Спору нет, после дней страды бывают и у него периоды потише, спокойнее, когда надо обработать собранное, спланировать новые набеги с фотокамерой к неизведанному ещё жизненному материалу.

И все-таки его жизнь – жизнь постоянного охотника. Охотника за фотографическими мгновениями.

В постоянной погоне за снимком в номер Баранаускас не стесняется обращаться даже к многократно выверенному, если не избитому приему. Может быть, от уверенности, что он сделает свою работу не хуже предшественников, а повезет – так и явно лучше.

Распространен на газетной полосе мотив "графики строек" – переплетение арматурных прутьев, вязание металлических конструкций. Есть такие снимки и у Баранаускаса. Есть у него и гигантские трубы, показательно уменьшающиеся от переднего края к дальнему, где совсем маленьким кажется трубовоз. Есть металлические кольца, за которыми рисуются краны, баки, подземная магистраль. Есть нефтевышка, положенная, как у Родченко, по диагонали... Важен не сам композиционный прием, важнее то, что с его помощью сообщается. Тогда повторяемость может даже оказаться плюсом. Если под снимком вышки фигурирует, например, подпись: "И в Литве есть нефть!" – сходность воспринимается как открытие.

Маяковский вспоминал о работе художников в "Окнах РОСТА". Там не держались права собственности на изобретаемые приемы. Кто-то, чтобы подчеркнуть разруху, нарисовал ворону на трубе паровоза, и удачный знак был взят на вооружение остальными. Искали не самовыражения – искали доходчивости для публики.

Баранаускас как фотограф тоже выше всего ценит коммуникативный момент – возможность быть понятым кратчайшим путём.
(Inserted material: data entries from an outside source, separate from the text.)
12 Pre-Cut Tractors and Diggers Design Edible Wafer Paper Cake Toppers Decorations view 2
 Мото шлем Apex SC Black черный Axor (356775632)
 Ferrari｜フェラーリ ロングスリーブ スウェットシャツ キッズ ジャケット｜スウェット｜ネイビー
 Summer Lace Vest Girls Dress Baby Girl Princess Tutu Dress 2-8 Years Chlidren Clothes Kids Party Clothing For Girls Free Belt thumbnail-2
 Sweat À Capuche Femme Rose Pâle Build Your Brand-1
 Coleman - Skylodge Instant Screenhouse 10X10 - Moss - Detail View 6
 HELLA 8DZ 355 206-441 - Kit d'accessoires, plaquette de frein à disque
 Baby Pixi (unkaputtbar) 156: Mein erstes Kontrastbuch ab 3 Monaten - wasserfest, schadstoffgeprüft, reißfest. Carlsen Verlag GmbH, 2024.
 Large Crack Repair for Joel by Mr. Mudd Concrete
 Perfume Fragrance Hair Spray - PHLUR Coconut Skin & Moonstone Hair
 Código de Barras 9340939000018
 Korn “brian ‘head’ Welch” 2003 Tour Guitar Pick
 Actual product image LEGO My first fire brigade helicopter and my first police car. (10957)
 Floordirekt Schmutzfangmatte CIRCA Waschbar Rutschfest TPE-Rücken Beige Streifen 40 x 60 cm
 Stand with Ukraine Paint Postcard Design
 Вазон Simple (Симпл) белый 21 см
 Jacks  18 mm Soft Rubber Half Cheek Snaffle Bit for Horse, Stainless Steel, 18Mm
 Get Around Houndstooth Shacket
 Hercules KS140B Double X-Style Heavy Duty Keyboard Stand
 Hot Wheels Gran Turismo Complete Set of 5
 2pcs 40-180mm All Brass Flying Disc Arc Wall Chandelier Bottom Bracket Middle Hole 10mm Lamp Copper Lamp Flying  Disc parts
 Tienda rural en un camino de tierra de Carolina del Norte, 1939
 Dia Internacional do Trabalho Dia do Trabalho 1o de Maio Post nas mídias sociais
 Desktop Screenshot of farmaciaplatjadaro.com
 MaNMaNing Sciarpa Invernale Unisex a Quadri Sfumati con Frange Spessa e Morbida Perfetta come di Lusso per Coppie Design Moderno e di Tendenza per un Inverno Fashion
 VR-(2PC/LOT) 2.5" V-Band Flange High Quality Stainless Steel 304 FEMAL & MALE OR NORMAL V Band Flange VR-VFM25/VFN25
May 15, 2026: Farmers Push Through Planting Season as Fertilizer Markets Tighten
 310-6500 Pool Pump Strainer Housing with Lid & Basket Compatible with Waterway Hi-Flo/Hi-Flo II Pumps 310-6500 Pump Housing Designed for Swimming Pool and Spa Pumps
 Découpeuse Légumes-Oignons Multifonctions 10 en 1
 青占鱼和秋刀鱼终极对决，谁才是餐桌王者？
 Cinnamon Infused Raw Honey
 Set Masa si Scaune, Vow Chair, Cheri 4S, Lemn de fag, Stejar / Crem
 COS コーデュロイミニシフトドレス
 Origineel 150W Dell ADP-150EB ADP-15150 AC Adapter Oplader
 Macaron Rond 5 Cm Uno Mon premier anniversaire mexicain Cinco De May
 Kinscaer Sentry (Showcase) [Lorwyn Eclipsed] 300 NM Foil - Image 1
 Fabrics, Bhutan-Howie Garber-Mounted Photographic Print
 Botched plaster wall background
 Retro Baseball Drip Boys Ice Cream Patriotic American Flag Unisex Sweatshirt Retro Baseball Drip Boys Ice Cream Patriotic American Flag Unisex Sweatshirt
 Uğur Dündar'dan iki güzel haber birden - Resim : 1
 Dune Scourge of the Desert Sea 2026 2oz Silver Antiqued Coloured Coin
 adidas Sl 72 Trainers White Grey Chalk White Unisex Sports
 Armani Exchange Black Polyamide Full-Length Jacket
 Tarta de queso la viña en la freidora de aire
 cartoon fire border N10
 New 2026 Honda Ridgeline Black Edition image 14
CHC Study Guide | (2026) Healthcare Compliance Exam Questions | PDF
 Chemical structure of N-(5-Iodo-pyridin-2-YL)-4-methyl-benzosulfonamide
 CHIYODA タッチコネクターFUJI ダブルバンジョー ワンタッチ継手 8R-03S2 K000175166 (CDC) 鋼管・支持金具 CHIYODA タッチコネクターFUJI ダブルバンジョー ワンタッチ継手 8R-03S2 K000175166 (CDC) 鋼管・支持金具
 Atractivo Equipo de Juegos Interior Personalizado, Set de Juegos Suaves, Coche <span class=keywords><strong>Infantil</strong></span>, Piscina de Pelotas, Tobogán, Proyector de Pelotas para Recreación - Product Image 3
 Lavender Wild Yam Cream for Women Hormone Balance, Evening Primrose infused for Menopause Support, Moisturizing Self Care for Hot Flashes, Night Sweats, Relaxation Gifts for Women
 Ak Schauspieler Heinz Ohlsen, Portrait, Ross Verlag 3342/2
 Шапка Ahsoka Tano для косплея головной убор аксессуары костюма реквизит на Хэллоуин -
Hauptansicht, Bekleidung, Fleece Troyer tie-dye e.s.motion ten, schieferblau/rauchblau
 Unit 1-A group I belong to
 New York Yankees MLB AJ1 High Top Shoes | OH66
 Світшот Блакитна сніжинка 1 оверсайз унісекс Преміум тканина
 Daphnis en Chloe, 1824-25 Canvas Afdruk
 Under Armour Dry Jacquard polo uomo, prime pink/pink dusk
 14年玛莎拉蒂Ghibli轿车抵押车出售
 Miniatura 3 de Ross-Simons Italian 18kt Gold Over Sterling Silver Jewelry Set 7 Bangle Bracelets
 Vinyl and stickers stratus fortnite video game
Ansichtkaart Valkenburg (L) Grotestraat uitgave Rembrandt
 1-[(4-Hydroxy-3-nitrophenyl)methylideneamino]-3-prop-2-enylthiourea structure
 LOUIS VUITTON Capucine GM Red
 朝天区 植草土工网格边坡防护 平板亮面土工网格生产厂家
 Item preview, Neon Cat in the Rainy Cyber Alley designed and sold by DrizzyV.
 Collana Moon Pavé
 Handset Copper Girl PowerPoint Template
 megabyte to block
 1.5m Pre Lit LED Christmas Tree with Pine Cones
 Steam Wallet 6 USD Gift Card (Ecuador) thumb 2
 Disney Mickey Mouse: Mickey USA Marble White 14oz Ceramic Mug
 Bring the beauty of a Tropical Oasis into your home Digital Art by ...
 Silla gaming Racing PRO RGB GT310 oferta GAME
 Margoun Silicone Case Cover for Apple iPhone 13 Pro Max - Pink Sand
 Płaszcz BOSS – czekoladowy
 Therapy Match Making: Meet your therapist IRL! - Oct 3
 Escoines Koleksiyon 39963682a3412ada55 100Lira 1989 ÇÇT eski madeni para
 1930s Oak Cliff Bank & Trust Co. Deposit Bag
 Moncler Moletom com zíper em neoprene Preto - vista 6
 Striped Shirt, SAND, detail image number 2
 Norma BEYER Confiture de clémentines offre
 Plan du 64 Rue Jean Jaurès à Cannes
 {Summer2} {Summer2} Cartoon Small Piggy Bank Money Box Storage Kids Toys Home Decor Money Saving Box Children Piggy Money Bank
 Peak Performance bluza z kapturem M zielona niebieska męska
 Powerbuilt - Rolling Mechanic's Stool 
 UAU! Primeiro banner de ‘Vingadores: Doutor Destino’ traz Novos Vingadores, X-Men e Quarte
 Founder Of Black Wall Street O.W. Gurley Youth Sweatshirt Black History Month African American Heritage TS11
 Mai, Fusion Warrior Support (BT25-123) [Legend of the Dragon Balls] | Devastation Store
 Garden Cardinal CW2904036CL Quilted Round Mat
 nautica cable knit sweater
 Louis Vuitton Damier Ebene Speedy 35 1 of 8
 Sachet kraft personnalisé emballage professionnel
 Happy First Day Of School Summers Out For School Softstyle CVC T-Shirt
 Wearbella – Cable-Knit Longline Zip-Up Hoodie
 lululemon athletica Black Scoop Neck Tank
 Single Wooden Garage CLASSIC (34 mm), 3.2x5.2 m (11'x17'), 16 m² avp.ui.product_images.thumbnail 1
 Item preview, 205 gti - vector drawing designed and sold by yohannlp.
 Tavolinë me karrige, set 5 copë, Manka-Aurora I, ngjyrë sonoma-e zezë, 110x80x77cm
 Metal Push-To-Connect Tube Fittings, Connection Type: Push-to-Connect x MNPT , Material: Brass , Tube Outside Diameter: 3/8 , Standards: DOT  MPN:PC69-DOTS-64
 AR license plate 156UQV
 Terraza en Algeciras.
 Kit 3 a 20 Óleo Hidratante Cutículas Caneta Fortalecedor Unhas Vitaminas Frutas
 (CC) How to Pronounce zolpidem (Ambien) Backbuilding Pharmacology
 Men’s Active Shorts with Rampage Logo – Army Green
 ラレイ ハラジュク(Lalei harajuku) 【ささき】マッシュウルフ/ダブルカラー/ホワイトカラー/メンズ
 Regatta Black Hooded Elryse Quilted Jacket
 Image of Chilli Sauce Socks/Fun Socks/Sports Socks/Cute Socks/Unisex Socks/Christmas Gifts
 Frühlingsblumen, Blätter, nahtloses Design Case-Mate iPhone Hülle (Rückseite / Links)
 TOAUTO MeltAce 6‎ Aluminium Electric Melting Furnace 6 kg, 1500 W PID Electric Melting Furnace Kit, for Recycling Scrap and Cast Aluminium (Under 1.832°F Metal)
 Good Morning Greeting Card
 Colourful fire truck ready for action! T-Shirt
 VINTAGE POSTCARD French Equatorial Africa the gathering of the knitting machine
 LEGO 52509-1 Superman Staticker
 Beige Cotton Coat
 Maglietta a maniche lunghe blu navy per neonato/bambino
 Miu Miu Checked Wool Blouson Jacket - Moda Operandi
Скажем, заводской цех можно снять фронтально, в переплетении серебристых трубок и резервуаров, когда маленькие фигурки людей подчеркивают масштабы агрегатов. Можно выстроить симметрию убегающих в глубину ткацких станков. Конвейер можно снять сверху или красивой диагональю от левого верхнего угла к правому нижнему

Когда Баранаускас снял поселок Электренай, освещенный разом и луной и электрическими фонарями вдоль улиц, это была не просто гордая констатация: вырос город электричества буквально на голом месте. Здесь был еще и рациональный ход. Луна выглядела одним из фонарей, чуть покрупнее, но с той же ролью светильника и в такой же шапке ломающихся лучей. К факту был приложен поэтический образ, эмоциональная добавка.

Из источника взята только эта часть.